=== Listed entries ===
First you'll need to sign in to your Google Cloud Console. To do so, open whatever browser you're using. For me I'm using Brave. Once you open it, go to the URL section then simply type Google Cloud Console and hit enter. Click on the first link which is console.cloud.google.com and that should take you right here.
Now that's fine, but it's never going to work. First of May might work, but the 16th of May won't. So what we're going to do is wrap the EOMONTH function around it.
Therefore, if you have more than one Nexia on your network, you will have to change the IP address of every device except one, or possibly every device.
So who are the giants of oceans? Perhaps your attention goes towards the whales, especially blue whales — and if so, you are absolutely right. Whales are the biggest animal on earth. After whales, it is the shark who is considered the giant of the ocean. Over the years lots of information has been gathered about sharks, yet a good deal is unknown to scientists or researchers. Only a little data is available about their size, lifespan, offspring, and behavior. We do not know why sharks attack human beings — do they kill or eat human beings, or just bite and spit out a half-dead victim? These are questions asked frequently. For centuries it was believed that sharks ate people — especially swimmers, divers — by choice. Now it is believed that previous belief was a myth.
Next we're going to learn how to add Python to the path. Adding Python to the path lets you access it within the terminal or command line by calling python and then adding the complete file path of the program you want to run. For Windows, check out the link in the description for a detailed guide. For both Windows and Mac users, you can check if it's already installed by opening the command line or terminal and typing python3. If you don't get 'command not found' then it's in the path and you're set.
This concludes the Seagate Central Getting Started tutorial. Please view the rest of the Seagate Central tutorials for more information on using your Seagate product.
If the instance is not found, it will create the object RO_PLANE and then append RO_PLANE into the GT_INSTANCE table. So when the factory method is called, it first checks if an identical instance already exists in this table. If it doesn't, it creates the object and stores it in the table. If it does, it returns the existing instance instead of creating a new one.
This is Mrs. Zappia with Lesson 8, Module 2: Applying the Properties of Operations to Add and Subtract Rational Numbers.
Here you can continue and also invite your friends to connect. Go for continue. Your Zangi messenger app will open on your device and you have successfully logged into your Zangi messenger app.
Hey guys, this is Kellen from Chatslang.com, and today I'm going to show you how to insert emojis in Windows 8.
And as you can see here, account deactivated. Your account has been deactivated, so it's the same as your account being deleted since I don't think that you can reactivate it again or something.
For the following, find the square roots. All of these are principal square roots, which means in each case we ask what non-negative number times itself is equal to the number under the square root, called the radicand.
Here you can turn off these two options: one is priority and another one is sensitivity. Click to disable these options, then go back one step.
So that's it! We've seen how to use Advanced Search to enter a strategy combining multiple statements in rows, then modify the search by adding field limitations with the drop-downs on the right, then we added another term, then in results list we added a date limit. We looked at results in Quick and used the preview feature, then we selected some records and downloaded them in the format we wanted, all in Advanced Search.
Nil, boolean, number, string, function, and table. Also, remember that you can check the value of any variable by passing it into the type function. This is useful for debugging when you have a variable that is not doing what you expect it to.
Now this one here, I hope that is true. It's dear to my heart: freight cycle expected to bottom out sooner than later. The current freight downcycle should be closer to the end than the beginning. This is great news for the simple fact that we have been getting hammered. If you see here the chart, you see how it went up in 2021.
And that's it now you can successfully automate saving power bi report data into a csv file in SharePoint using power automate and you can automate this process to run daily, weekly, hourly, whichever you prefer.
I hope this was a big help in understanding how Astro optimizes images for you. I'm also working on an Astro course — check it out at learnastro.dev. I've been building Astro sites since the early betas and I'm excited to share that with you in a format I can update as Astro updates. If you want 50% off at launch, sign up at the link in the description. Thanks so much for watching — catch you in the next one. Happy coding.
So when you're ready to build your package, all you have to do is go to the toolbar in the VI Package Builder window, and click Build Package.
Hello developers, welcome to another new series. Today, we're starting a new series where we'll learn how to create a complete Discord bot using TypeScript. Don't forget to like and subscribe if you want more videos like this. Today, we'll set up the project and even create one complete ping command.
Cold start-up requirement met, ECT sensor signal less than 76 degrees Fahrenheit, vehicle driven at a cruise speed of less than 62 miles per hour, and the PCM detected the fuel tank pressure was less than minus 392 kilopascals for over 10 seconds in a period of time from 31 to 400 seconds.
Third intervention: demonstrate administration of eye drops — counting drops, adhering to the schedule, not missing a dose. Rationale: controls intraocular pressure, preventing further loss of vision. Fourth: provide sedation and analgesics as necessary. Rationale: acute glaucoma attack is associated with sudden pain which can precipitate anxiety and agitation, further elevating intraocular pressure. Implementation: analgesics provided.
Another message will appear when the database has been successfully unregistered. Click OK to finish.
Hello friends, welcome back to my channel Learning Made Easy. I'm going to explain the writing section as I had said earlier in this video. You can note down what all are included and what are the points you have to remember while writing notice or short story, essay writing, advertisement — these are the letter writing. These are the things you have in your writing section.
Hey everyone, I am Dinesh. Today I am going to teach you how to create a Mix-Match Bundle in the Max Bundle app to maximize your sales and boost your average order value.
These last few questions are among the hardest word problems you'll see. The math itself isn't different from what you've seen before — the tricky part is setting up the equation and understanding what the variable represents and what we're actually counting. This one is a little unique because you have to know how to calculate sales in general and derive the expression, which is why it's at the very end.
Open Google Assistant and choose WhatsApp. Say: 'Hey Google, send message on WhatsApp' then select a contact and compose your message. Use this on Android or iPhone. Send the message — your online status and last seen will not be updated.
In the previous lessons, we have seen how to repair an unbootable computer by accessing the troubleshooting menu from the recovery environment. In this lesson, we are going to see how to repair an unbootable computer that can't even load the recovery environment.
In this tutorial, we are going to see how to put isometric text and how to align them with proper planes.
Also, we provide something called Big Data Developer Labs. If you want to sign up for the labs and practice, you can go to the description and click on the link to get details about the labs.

=== Exercise instructions ===
Would you quote everything above from the line containing "I hope this" down to the line containing "Cold start-up requirement"? Include both of those lines and nothing else.

=== Exercise response ===
I hope this was a big help in understanding how Astro optimizes images for you. I'm also working on an Astro course — check it out at learnastro.dev. I've been building Astro sites since the early betas and I'm excited to share that with you in a format I can update as Astro updates. If you want 50% off at launch, sign up at the link in the description. Thanks so much for watching — catch you in the next one. Happy coding.
So when you're ready to build your package, all you have to do is go to the toolbar in the VI Package Builder window, and click Build Package.
Hello developers, welcome to another new series. Today, we're starting a new series where we'll learn how to create a complete Discord bot using TypeScript. Don't forget to like and subscribe if you want more videos like this. Today, we'll set up the project and even create one complete ping command.
Cold start-up requirement met, ECT sensor signal less than 76 degrees Fahrenheit, vehicle driven at a cruise speed of less than 62 miles per hour, and the PCM detected the fuel tank pressure was less than minus 392 kilopascals for over 10 seconds in a period of time from 31 to 400 seconds.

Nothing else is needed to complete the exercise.